Indoor positioning plays a pivotal role in a wide range of applications, from smart homes to industrial automation. In this paper, we propose a comprehensive approach for accurate positioning in indoor environments through the integration of existing Wi-Fi and Bluetooth Low Energy (BLE) devices. The proposed algorithm involves acquiring the received signal strength indicator (RSSI) data from these devices and capturing the complex interactions between RSSI and positions. To enhance the accuracy of the collected data, we first use a Kalman filter for denoising RSSI values, then categorize them into distinct classes using the K-nearest neighbor (KNN) algorithm. Incorporating the filtered RSSI data and the class information obtained from KNN, we then introduce a recurrent neural network (RNN) architecture to estimate the positions with a high precision. We further evaluate the accuracy of our proposed algorithm through testbed experiments using ESP32 system on chip with integrated Wi-Fi and BLE. The results show that we can accurately estimate the positions with an average error of 61.29 cm, which demonstrates a 56\% enhancement compared to the state-of-the-art existing works.
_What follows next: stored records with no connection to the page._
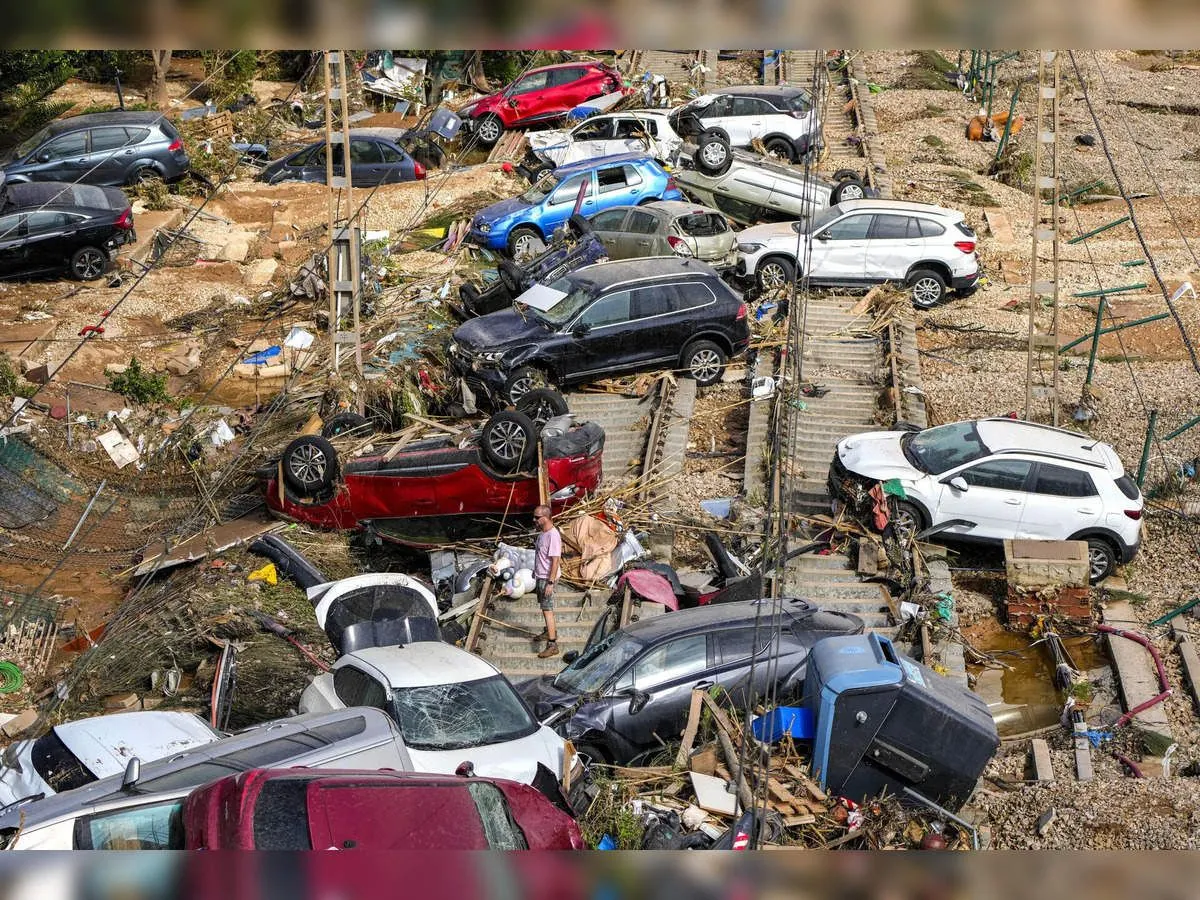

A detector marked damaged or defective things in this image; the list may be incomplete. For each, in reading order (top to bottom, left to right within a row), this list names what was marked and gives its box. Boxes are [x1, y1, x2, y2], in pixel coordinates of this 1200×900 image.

damaged vehicle [462, 61, 628, 147]
damaged vehicle [466, 154, 680, 260]
damaged vehicle [528, 109, 684, 169]
damaged vehicle [592, 202, 740, 272]
damaged vehicle [664, 135, 872, 230]
damaged vehicle [450, 256, 752, 404]
damaged vehicle [262, 412, 600, 544]
crushed car [262, 412, 600, 544]
overturned red car [262, 410, 600, 548]
broken windshield [904, 420, 988, 474]
damaged vehicle [824, 416, 1144, 580]
damaged vehicle [0, 712, 220, 812]
damaged vehicle [182, 768, 584, 852]
overturned red car [182, 768, 584, 852]
damaged vehicle [298, 640, 564, 788]
broken windshield [392, 676, 536, 752]
broken windshield [552, 628, 648, 692]
damaged vehicle [516, 596, 864, 768]
crushed car [520, 600, 868, 764]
翻译：室内定位在从智能家居到工业自动化的广泛应用中发挥着关键作用。本文提出一种通过整合现有Wi-Fi与蓝牙低功耗（BLE）设备的综合性室内精确定位方法。该算法通过采集上述设备的接收信号强度指示（RSSI）数据，并捕捉RSSI与位置之间的复杂交互关系。为提升采集数据的准确性，我们首先利用卡尔曼滤波器对RSSI值进行去噪处理，随后采用K近邻（KNN）算法将其划分为不同类别。结合滤波后的RSSI数据与KNN分类结果，我们引入递归神经网络（RNN）架构进行高精度位置估计。进一步，我们通过搭载集成Wi-Fi和BLE的ESP32片上系统搭建测试平台，验证所提算法的定位精度。实验结果表明，该方法可实现平均误差61.29厘米的精准定位，相较于现有最先进技术提升56%。